To ensure safety, Yale expects students to keep entrances locked, particularly gates and primary entryway doors in residential colleges, Highsmith said.

While alarming crimes do occur on occasion, crime statistics from the greater New Haven area tell a reassuring story. New Haven Police spokeswoman Bonnie Winchester said the number of murders in New Haven has dropped from 31 in 1990 to less than 10 in recent years, while the number of robberies has been cut by more than half. Since 1990, serious crime in New Haven has steadily decreased.
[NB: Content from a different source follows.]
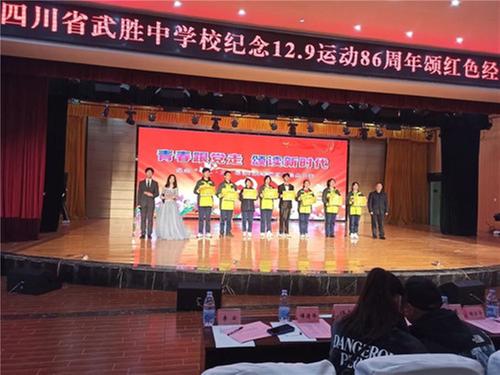 武胜中学举行纪念12·9运动86周年红色经典颂读比赛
Patten said the YPD’s number one priority is to target crime against persons – robberies and purse snatches – and that this type of violence has been decreased by half.

Despite these statistics, Yale has still maintained a reputation as a university housed in a dangerous city, although Highsmith said that characterization is merely a “great urban myth.”

“I don’t know why people think that,” she said. “Fifteen or 20 years ago, there were high crime rates in New Haven, but there were high crime rates everywhere.”

Current students said they were concerned about safety when they arrived on campus.

“I must admit that before coming to Yale I was worried about crime in New Haven,” Susan Chan ’05 said. “And while there are certainly incidences of crime that occur in New Haven, I do not feel that it is any worse here than it would be in any other city.”

Although New Haven crime statistics show a trend of decreasing violence, they should not send a message to students that danger does not exist in the city, University administrators said. Rather, the most important thing for students to do is to use common sense, Highsmith said. She said a lot of the crimes that happen on campus are “crimes of opportunity,” which stem mainly from careless behavior of students.

“When everyone is focusing on getting work done, some students will leave a laptop on a table, for example,” she said. “We ask students to use precautions and the security services we provide.”

Patten said students must realize that security measures exist for a reason and that defeating them only raises the risk of a problem occurring.

But safety at Yale is not only due to police efforts; students play a big role in decreasing crime in the Yale community. Highsmith said a student security coordinator in each residential college works with the Yale director of security education.

“We ask students to use simple precautions and security services,” Highsmith said. “I assume people lock their doors at night in most places. Students here should do so as well.”